Use wildcards unless you're SURE of what will happen.

Jon

A little knowledge is dangerous - none is absolutely terrifying!!!

Richard Darling · ‎05-24-2002

ABCD
"A"lways:
"B"ackup, show "C"ourtesy to all and "D"ocument...
Richard Darling

Fabi · ‎05-24-2002

DO's

1.- Make Manuals and MOP's (Method of Procedure) for all your special procedures
2.- Keep your UNIX and sysAdmin docs near

DON'T 's

1.- Never hide tech information
2.- Keep that ugly word "impossible" away from your dictionary, specially for hackers and crackers, like "its impossible for anyone to break in the system" never think this way

MAD_2 · ‎05-26-2002

DO'S
- Keep registration numbers, system handles, serials, software keys, and other software/hardware documents in a place where you and the systems' manager can find it! You never know when you will need it again.
- Document software configuration parameters
- Train someone to act as a backup who can perform some of the basics when you are not around (vacations, sickness, etc.)
- Be patient!
- Learn to prioritize
- Use labels to identify devices, systems, etc.
- Change root passwords when anyone from your team who has access to it leaves the company
- Assign points to those who are trying to help you in the forums.

DON'T
- Drink anything when you are working next to your server (a $0.50 drink may cost your company thousands, and your job).
- Be afraid to ask, nobody knows everything!
- ASSUME
- Keep all the knowledge to yourself.

Contrary to popular belief, Unix is user friendly. It's just very particular about who it makes friends with

Kurt Beyers. · ‎05-26-2002

DON'T

-do a kernel rebuild via a modem connection to a server
-reset your NIC from a telnet session

Balaji_3 · ‎05-26-2002

It is better to change any entry in /etc/passwd by the command /usr/sbin/vipw.

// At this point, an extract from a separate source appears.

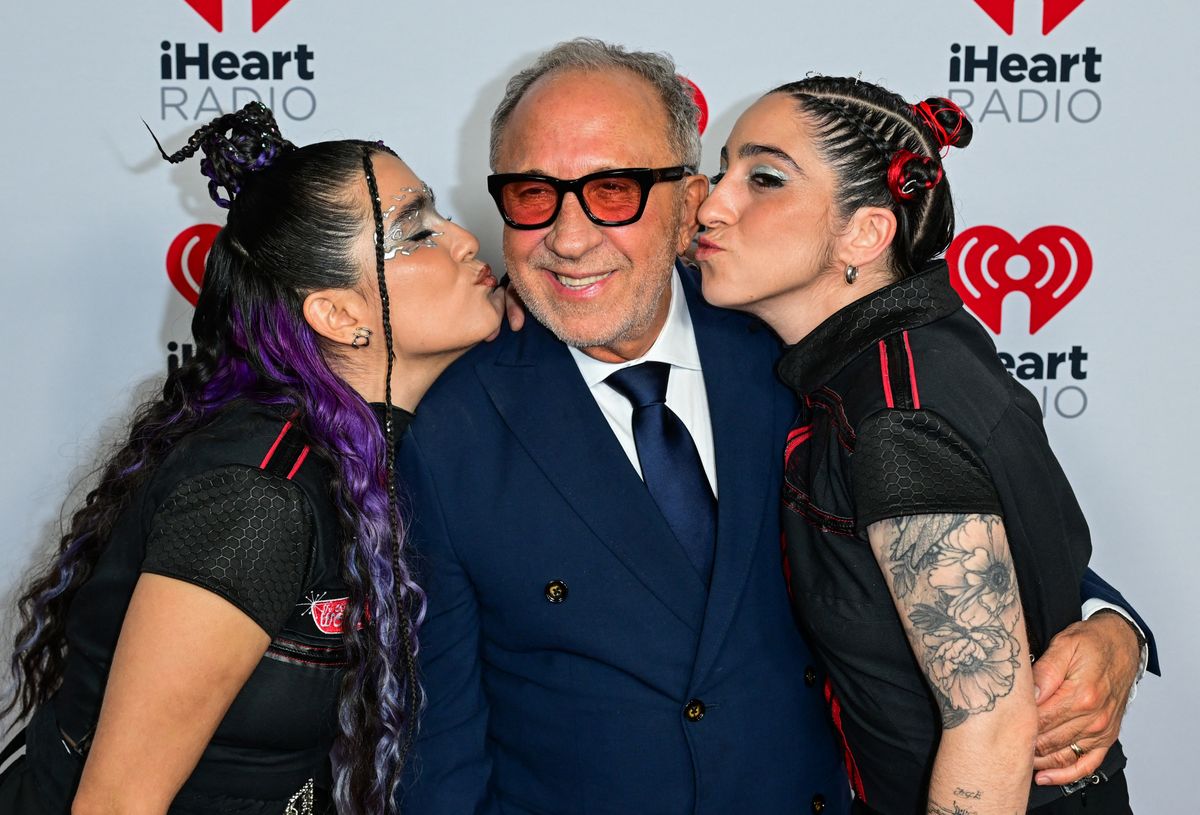 Cuban-US musician and film producer Emilio Estefan (C) poses with his daughter singer Emily Estefan (R) and her partner  Gemeny Hernandez (L).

The word IMPOSSIBLE itself says that I'MPOSSIBLE

Chris Wilshaw · ‎05-27-2002

If possible, don't let your users have access to the command line.

They may not like being given a menu to start with, but as long as you can make it flexible enough to meet their needs, they can grow to love it.

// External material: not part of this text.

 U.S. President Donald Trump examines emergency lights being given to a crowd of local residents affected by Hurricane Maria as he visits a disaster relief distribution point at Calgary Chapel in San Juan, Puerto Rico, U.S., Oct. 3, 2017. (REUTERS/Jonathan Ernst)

James Brelsford · ‎05-27-2002

Working in my company's training centre where everyone including the cleaners seems to have the root password, here is my list.

DO
make backups the second the new software is installed,

if you get a chance make your own copies as well as system backups,

ALWAYS keep the last working software close at hand in case you have to fall back, software installation should not be a one way street,

get good at ignite, you will be doing it alot,

if you can automate something do it, 'cause if you have to do it once you'll have to do it lots.

check the forums OFTEN,

ask dumb questions, you GOTTA learn sometime better to ask a dumb question here than say I didn't know to the users and your boss,

have good humour, you'll need it!!!!!

DON'Ts

be a jerk,

you are not Borg (TM), write things down if not for yourself for the guy who follows you after you are fired.

let them get you down,

Donald Kok · ‎05-27-2002

DO make sure you know what a system is about when it is not working properly. I do this by mailing settings and configfiles to another machine from cron:

ioscan -fn >> /tmp/listfile
vgdisplay -v >> /tmp/listfile
lvlnboot -v >> /tmp/listfile
sysdef >> /tmp/listfile
lanscan >> /tmp/listfile
ifconfig lan0 >> /tmp/listfile
hostname >> /tmp/listfile
setboot >> /tmp/listfile
lsdev >> /tmp/listfile
lpstat -a -s >> /tmp/listfile
bdf >> /tmp/listfile
cat /etc/fstab >> /tmp/listfile
cat /etc/hosts >> /tmp/listfile
cat /etc/nsswitch.conf >> /tmp/listfile
cat /etc/rc.config.d/* >> /tmp/listfile
cat /etc/resolv.conf >> /tmp/listfile
cat /etc/inittab >> /tmp/listfile
cat /etc/inetd.conf >> /tmp/listfile
strings /etc/lvmtab >> /tmp/listfile
cat /stand/system >> /tmp/listfile
cat /var/adm/sbtab >> /tmp/listfile
lvdisplay /dev/vg*/lvol* >> /tmp/listfile
mailx -s settings donald@another_machine < /tmp/listfile

My systems are 100% Murphy Compliant. Guaranteed!!!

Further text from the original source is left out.